Best of luck with your puppy training.


----------



## MollyMuiMa (Oct 13, 2012)

I too, think your puppy is in a crate too much of the day! It is not good both mentally or physically. Puppies need to run and play and have a lot of contact with its 'people'. Training and exercise is more than 2 walks a day! If you are worried about your furniture and your vases Etc being ruined, isn't there an area in your home you can gate(with a baby gate)so your pup can have some freedom? Much like a small child, your puppy needs to learn what is right & wrong and like when you have children you also put things away that can be broken until they are taught to be careful. Your puppy should out of the crate from the time you get home from work until the time you go to bed. Training and playing & exercise should be done everyday! There are many good tips on training and exercise in this forum in past threads.


----------



## Pluto (Jul 8, 2012)

Leo's Teddy said:


> Dear all,
> I am also feeding her salmon oil one tea spoon per day. Will salmon oil cause pancreatitis?

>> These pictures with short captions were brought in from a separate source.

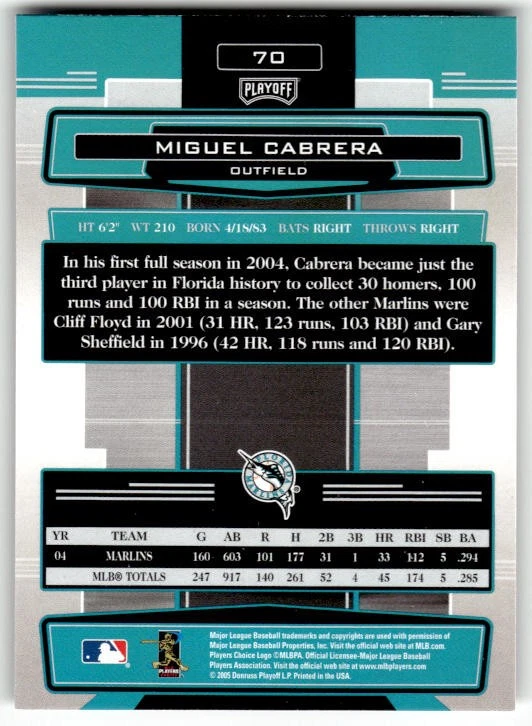 2005 Playoff Absolute Memorabilia Miguel Cabrera #70 Florida Marlins - Image 2 of 2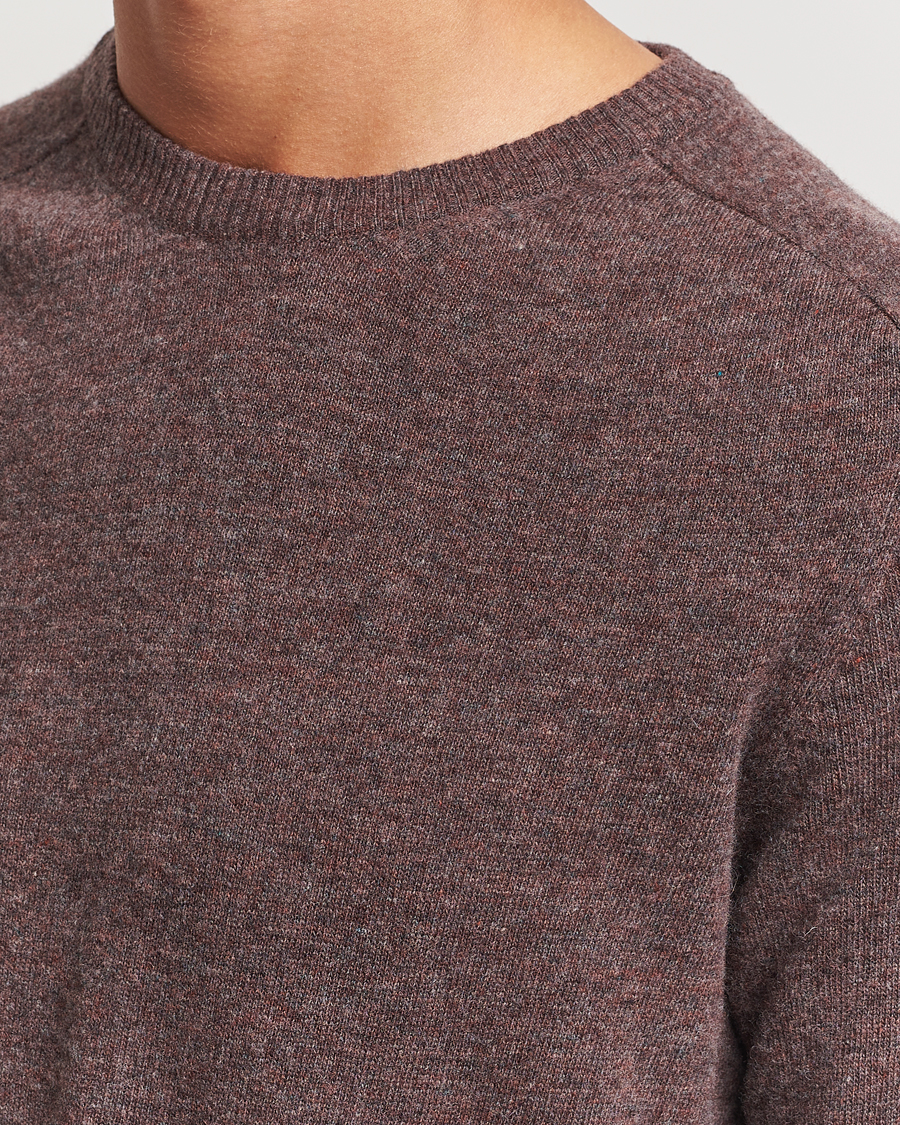 Mies | Puserot | KnowledgeCotton Apparel | Lambswool Roundneck Brown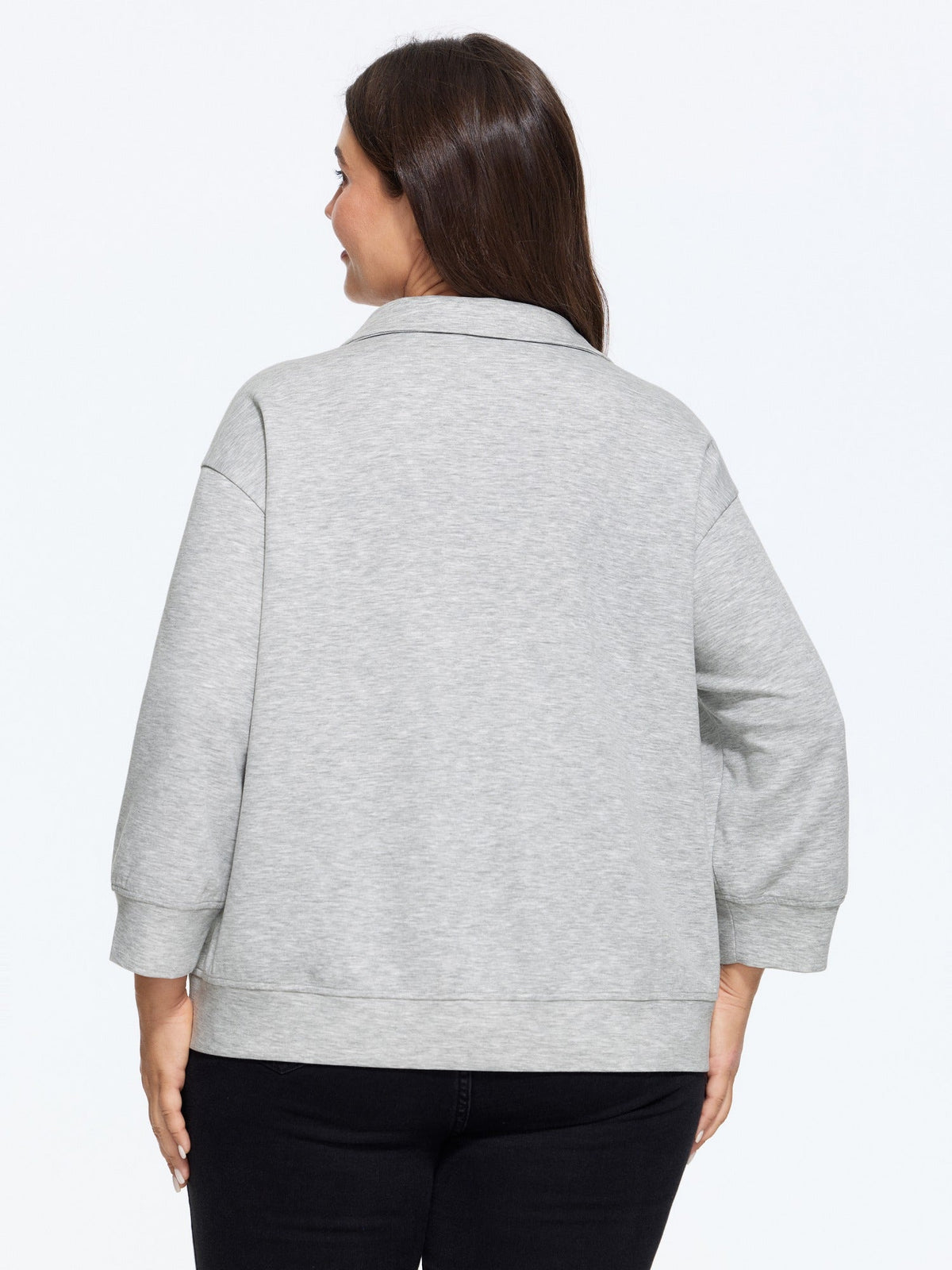 Collared Neck Heather Casual Sweatshirt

Yes, it can, and due to her very small size I would be very cautious about how much oil you give her.

If your 4 lb dog is getting 1 teaspoon of oil a day that is the equivalent ratio of me feeding my 50 lb dog 12.5 teaspoons, or just over 1/4 cup of oil a day. That is a lot of oil for the size of animal. I do not know what is appropriate, but I think you are definitely asking the right questions to be concerned about how much of what type of food goes into her tiny body.


----------



## msminnamouse (Nov 4, 2010)

You can try lamb ears and other natural chews that are lower in fat. Pork skin and ears have a lot of fat. I buy it from the international store to make treats and I always have to melt away the fat and even then, the treats are pretty greasy.


----------



## Lene (Jan 18, 2013)

I don't have any solutions for you, but I think your poodle is a toy, rather than a mini...


----------



## fjm (Jun 4, 2010)

I'd measure the salmon oil in drops rather than teaspoons - it's one of those things where too much can be worse than too little! And I agree that a puppy pen or puppy proofed room would be much better than leaving her in a crate all day long. She needs to be spending lots of time exploring and testing and learning, just like a young child, and too much time bored and snoozing in her crate is not going to help her develop into a well rounded adult. I'd set her up a safe play area, with different toys each day and somewhere secluded to pee and poo, and spend as much time as possible playing with her, walking her, and teaching her in the evenings and at weekends.


----------



## CT Girl (Nov 17, 2010)

I thought you had a mini but as she is 4 pounds at 6 months you may have a toy and I would actually hold off on the salmon oil unless they have a recommended dose for a dog your size. The vet can let you know a safe dosage or advise if you should be giving her this at all. As FJM suggests it is better to err on the side of caution.


----------



## Leo's Teddy (Jan 26, 2013)

Dear all,

thanks for the advice.

i was told that teddy is a miniature poodle. puppies from the same litter have grown much bigger in size. teddy remains small. i am not sure why but she is very healthy and active so i have not thought much about it. she has recently put on weight and looks chubby but her frame is still about the same. most people said it's good that teddy remains small because it's cuter that way and also easier to handle.

anyway, when i applied for permit, there isn't a distinction between mini or toy and both are in the same category.


----------



## CT Girl (Nov 17, 2010)

Yes, she must be from mini lines but have a toy size. I just mentioned it because minis weigh more so a little fish oil would not be as big a deal as it is for a dog her size. That is a great size (my Swizzle is 7 pounds) and she sounds healthy and energetic which is all that really matters.


----------



## kontiki (Apr 6, 2013)

I will second or third the idea of tethering your puppy to you as you go about your housework, cooking, etc. That was there won't be any running around getting into things, and there will be plenty of stimulation. I would think this would stop the whining. You asked about chews. My Spoo doesn't like kongs either, or anything else that smells like them. Have you tried antlers? They are natural and for me they have never splintered.


----------